Ok, so why not take this to the logical extreme? If the code is, at the end of the day, well-structured. What if we defined the rules for how the code should be put together? Let's say we defined rules like "An array starts with [ followed by some number of variables separated by commas and ending with ]"? This. This is exactly what PEG is for.

PEG.js

In past blog posts, where I've written about PEG, I've used Parsimonious in Python, such as three of my solutions to the 2020 Advent Of Code challenges (here, (here)[https://dev.to/meseta/advent-of-code-day-18-finally-using-peg-grammar-in-python-in-the-way-it-s-supposed-to-3253], and (here)[https://dev.to/meseta/advent-of-code-day-19-abusing-peg-grammar-in-python-the-way-it-s-not-supposed-to-2beg]). This time, because the rest of the website is javascript, I will be using PEG.js instead to avoid adding an extra programming language to the codebase.

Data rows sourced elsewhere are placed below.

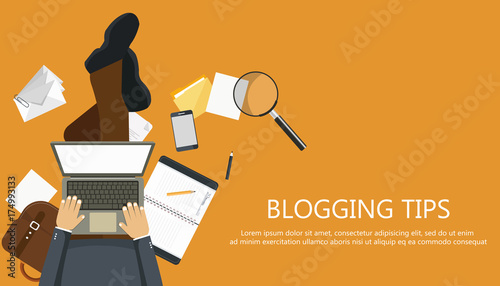 Writing a story or column for newspaper or magazine. Man sitting on the floor and holding lap top in his lap. Flat vector illustration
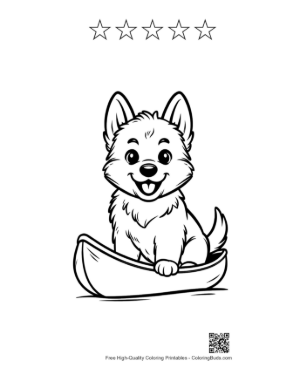 Thumbnail: Becgie Puppy Playing with a Ball Near Garden Plants and Flowers Nature Line Art Printable and 5 Star Outline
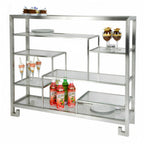 Thumbnail image #1 for Eastern Tabletop Grab n' Go AC1765 Stainless Steel Tabletop Display Stand with 8 Acrylic Shelves, 38-3/8"W x 9-7/8"D x 31-1/2"H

PEG.js has a distinct advantage over parsimonious in that it has a nice web-based tool to help you write your grammar. I'll be using this online tool to walk you through how I went about writing a PEG grammar needed to process the above GML code into JSON.

Step 1: Whitespace

I like to go from inside->out. Take the smallest and most primitive elements and then build upwards. Since a lot of my data is in the form of numbers. I need to add PEG rules for matching and extracting them. Since unlike parsimonious which lets you use full-on regex for pattern, PEG.js only allows much simpler pattern matches, I'm going to define two rules, one for integers, and one for floats:

Number
  = Float / Integer

Float
  = "-"? ([0-9]+ "." [0-9]* / [0-9]* "." [0-9]+) { return parseFloat(text()); }

Integer
  = "-"? [0-9]+ { return parseInt(text(), 10); }

PEG matches from top down. And the text must match the first rule in its entirety. So at the moment, this PEG grammar will match a single Float or Integer. I use Javascript's handy parseInt() and parseFloat() functions to turn the captured text into an actual Javascript number.

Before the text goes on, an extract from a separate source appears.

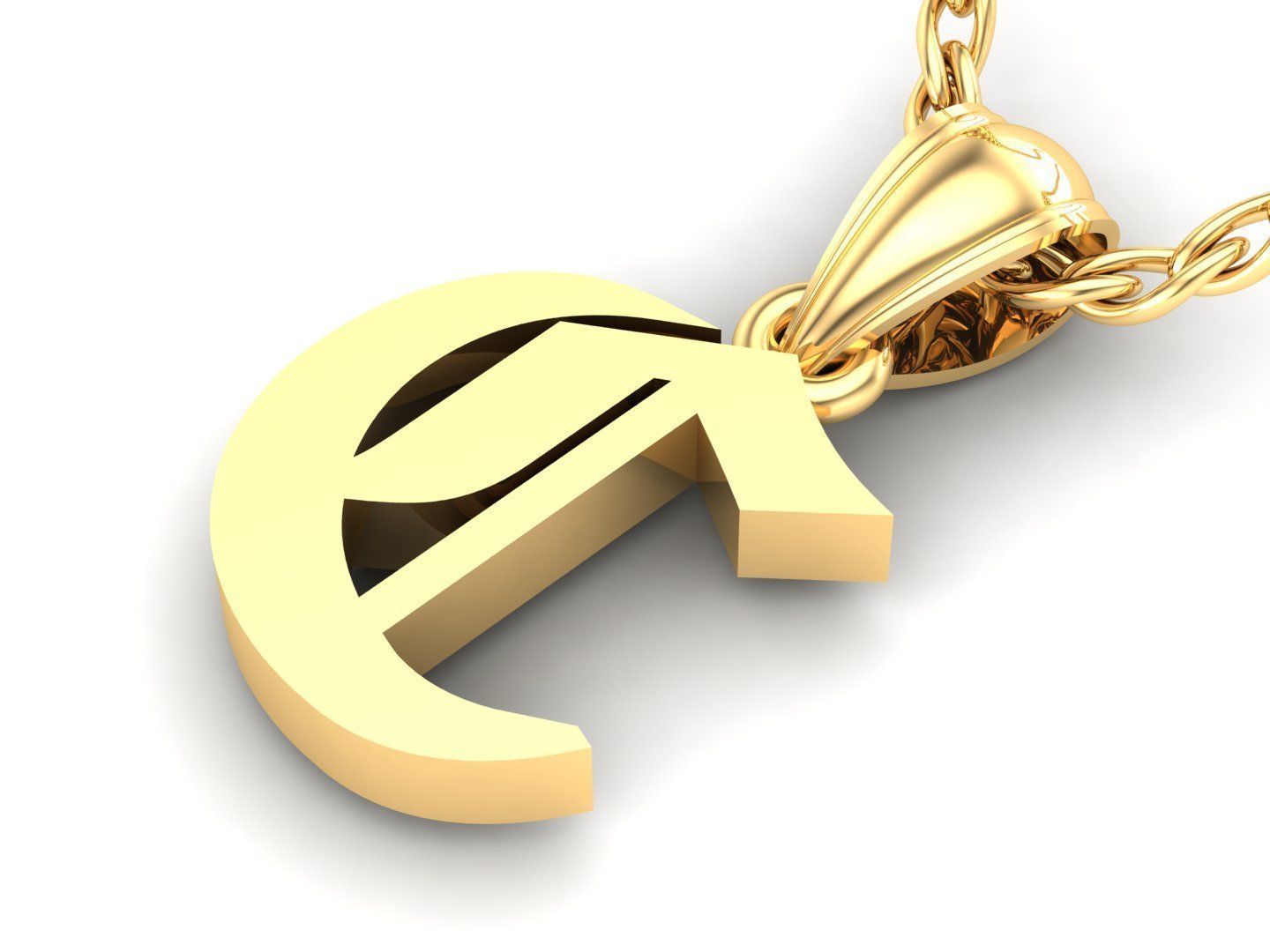 C Letter Pendant Alphabet Version 6 3D print model_3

Note: this pattern ([0-9]+ "." [0-9]* / [0-9]* "." [0-9]+) matches .0 and 0. but not .

Step 2: variable names

Some of the values in the data point to specific variables. These are easy to match, since they only allow characters a-z, A-Z, 0-9 and _, the so-called "word" characters.

Word
  = [a-zA-Z0-9_]+ { return text(); }

This is going to return the string of the variable name, which is fine by us because we don't actually need to resolve them for this use-case. If we were actually building a programming language rather than just extracting data, we'd probably at this point need to return an object representing a variable to distinguish it from a string literal. But in our case here, we are okay to treat variables like string literals.

Step 3: Booleans

We have a few booleans in our text. These are simple too, we just need to match true or false and return a javascript boolean

Boolean
  = bool:("true" / "false") { return bool === 'true' }

Step 4: String literals

String literals are much harder because we have to be able to match escaped quotes like this: "hello \"world\"" so we can't just find all the text between two double-quotes. To do this, we have to define a new rule that matches either regular characters, or specifically escaped quotes:

StringLiteral
  = str:("\"" CharDoubleQuoted* "\"") { return str[1].join(""); }

CharDoubleQuoted
  =  "\\\"" / [^"]

the str[1] is needed because we want to return the string without the quotes. and the .join("") is needed because it'll return an array of characters.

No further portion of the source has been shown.